The next step is to clean the house, which removes surface dirt that will prevent the new paint from sticking well, and will help expose areas of peeling or damaged paint that require additional attention. You can use a garden hose or a pressure washer, but stick to a wide spray nozzle that doesn’t concentrate a strong stream of water onto the siding. Most pressure washers have soap injectors, which allow a small amount of soap to be mixed with the water stream — that may help if the house is particularly dirty. Use a soft- or medium-bristle nylon brush on a pole for best dirt removal.
Now you need to remove any loose or peeling paint, working back until you are certain you’re into undamaged paint that is well adhered to the underlying surface. There’s really no easy way to accomplish this — it just takes time and elbow grease. One tried and true method is to use a paint scraper. Hold the scraper at a low angle, relatively parallel with the board you’re scraping, and work with short, firm strokes to scrape the paint off. Work with the grain of the wood to avoid raising grain fibers, and be careful not to dig into the wood’s surface.
Another option is to use a sander. For small areas, a pad or belt sander will work fine. For larger areas, you might consider renting a disk sander that is specially designed for paint removal. Either way, sand only enough to remove the loose paint — well-adhered paint can remain, and you want to be sure you don’t sand down into the siding itself.
Avoid the temptation to use a pressure washer to remove the loose paint. Getting a strong enough water stream to be effective at removing paint requires the use of a small nozzle that really concentrates the water pressure, which in turn can damage the siding and drive moisture deep into it.
If the siding, trim or other surfaces you’re working on have been painted several times in the past, when you have scraped down to bare wood you may notice that the surrounding areas of existing paint are considerably higher than the surface of the wood. This will show through your final paint job, so take some sandpaper and feather the sharp edges of the old paint so that it blends more smoothly down to the bare wood areas.
Make sure all the surfaces are completely dry, both from washing and from the effects of winter weather. Painting over damp wood will simply cause the paint to fail prematurely.
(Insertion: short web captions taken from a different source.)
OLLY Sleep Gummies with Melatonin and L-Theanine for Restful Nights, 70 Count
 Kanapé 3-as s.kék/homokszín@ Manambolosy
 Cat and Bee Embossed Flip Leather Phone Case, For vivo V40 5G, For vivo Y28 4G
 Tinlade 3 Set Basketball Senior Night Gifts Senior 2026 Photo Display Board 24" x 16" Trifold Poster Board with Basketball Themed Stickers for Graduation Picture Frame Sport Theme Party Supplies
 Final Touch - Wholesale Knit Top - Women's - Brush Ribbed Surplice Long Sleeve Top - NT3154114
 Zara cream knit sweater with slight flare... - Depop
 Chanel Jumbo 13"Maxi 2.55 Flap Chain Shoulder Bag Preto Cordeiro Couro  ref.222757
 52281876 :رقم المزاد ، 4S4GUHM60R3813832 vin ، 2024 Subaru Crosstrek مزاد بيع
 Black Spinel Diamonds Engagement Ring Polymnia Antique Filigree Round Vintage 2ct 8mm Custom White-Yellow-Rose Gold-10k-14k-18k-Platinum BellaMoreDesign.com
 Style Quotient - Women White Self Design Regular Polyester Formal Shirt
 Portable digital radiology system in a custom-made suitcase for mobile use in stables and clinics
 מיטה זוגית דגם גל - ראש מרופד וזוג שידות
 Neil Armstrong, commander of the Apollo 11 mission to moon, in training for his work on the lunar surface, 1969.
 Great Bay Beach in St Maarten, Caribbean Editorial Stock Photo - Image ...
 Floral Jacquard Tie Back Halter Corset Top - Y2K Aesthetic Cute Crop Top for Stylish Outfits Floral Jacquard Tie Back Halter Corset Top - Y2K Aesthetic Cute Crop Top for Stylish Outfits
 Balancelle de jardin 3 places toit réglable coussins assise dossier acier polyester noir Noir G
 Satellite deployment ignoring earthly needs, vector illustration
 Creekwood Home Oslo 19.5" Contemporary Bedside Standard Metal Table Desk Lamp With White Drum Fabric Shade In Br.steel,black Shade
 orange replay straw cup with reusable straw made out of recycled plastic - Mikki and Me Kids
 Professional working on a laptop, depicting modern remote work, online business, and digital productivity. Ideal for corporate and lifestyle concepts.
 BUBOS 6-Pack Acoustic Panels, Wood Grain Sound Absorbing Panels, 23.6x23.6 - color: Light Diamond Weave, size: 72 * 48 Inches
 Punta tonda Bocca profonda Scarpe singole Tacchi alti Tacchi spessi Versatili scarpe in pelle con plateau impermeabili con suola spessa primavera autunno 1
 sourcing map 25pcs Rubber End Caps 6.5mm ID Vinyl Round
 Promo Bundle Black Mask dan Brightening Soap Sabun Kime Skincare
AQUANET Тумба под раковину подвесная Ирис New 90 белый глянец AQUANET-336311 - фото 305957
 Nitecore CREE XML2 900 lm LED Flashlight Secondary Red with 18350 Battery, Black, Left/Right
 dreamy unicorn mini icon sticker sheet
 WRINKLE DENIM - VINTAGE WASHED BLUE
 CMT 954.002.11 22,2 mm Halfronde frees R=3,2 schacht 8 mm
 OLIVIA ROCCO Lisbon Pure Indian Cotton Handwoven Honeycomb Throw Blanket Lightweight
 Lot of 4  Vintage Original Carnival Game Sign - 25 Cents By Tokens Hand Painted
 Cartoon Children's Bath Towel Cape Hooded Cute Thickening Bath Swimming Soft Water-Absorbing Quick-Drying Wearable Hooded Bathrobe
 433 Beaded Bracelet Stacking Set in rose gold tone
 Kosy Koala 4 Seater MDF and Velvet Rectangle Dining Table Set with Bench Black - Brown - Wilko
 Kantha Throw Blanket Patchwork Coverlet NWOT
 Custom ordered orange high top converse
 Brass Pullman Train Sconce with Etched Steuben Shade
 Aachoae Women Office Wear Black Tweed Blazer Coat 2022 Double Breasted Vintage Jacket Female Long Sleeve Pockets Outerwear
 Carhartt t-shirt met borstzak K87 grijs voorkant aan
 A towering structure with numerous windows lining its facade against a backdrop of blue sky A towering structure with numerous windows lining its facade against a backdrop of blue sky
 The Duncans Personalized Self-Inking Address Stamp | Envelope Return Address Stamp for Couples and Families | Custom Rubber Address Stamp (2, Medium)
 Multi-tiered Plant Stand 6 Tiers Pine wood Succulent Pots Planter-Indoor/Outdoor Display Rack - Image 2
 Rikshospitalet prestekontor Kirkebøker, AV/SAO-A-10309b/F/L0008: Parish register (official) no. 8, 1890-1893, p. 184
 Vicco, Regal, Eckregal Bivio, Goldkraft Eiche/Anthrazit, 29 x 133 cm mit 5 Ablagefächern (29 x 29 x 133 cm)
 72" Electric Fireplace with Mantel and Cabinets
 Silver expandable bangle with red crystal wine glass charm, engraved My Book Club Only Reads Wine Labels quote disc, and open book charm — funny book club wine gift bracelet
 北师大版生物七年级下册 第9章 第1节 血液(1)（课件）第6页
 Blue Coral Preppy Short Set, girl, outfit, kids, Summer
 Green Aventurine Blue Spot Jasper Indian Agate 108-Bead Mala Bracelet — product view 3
Now, apply a good-quality primer over any bare spots. Use a primer that is compatible with the final paint you’ll be using, and that is compatible with the surface material (wood, brick, concrete, etc.). Your paint store can assist you with selecting the best primer for your particular application. For areas that are very dry or badly weathered, apply two coats of primer to equalize paint absorption with the rest of the siding.
Finally, re-caulk any areas that require it, closing up all the gaps in the siding and trim before painting. If you have done a lot of sanding and scraping, a light final washing may be required to remove residual dust. Once again, be sure the house is completely dry before painting.